On a sad note, I got a call from my mom today who reports Melody is suffering from GI stasis. She is not doing well and may not make it. Fingers crossed she pulls through, Melody is prone to stasis, and I have no idea why, there are no changes in her diet, housing or lifestyle that would account for why her gut slows down. Last time she was in stasis I nearly lost her, she pulled through in the end, she went everywhere with me for 3 full days sitting in a basket so she could get treated with fluids, pain medicine, gas drops, and of course most importantly force feeding. I am hopeful but also know her prognosis is guarded. Its hard to know exactly what condition she is in since she still lives with my mom and the soonest I can get to see her is Thursday if she makes it til then.

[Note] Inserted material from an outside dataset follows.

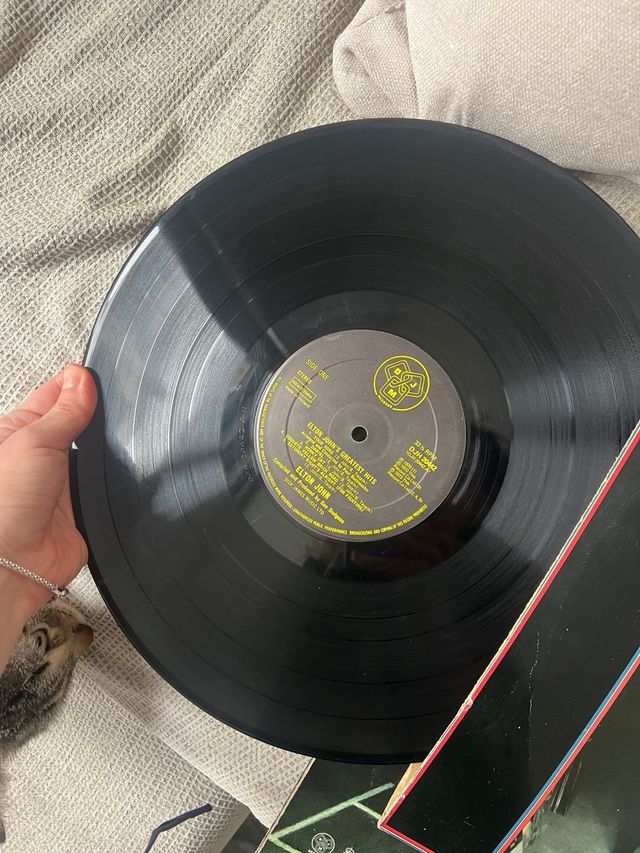 Elton John Greatest Hits Vol. II Vinilo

Well thats all thats happening around here at the moment, Shelby's molar trim went just fine, she has one point that couldn't be reached with the drill the Doctor used today but she'll need to go in again in a few months to get that last point taken care of. She's a trooper, although as expected confused as to where her baby Uno went.

Saturday, August 1, 2009

Griffyn the New Kitty



On Thursday I went to follow up on that rabid raccoon problem I had at the Spotsy county Animal Control... of course while I was there I made the major mistake of looking at the tons of animals they have for adoption.

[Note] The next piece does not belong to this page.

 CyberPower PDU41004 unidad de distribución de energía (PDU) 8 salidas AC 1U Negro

Its always sad to visit an animal shelter, especially since this one is an interesting case, since it serves a county that is urban, suburban and rural. As expected it was completely overun with dogs and cats and even some pocket pets too from all walks of life, hound dogs that hunt and pampered purse dogs. They were full to the brim with cats and kittens, and that's where Griffyn comes in..
I was looking at an older "barn cat," when one of the employees and I started chatting, I explained I had 2 rambunctious dogs and she said if I was interested in a dog friendly cat she knew the perfect choice. She took me over to Griffyn who she had fostered for 6 weeks, he came in as a trapped feral, totally wild and over the time she fostered him, she tamed him. Luckily for me she had a dog in the house, a big poodle who he really took to. So the rest is history, I adopted him. :)

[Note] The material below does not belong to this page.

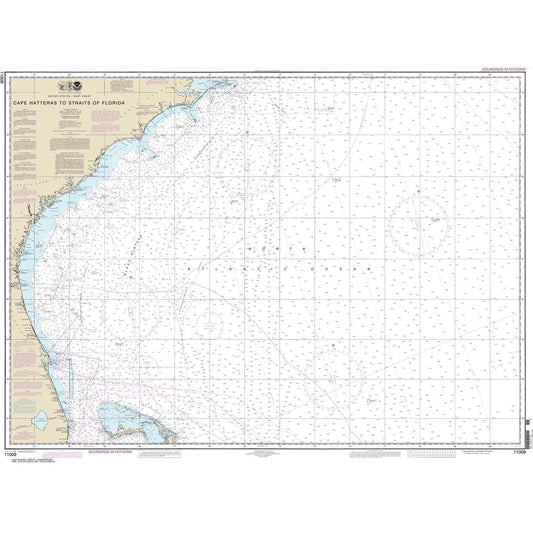 Paradise Clay NO_11009 NOAA Cape Hatteras to Straits of Florida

He's got a raging URI typical of shelter kitties but is otherwise doing well, he purrs constantly and true to word he loves the dogs. He's going to be mostly outdoors once he heals from his neuter and URI. He is a great kitty, 6 months old or so and it will be fun to watch him continue to grow up.
Even as a bunny breeder I do believe that adoption is a great choice, there really are way too many homeless pets. Going to the shelter reminds me how responsible we are for every animal we produce.. I will certainly bear that in mind each time I place an animal in a pet home, making sure to screen out those who are not ready to make a commitment to the animal.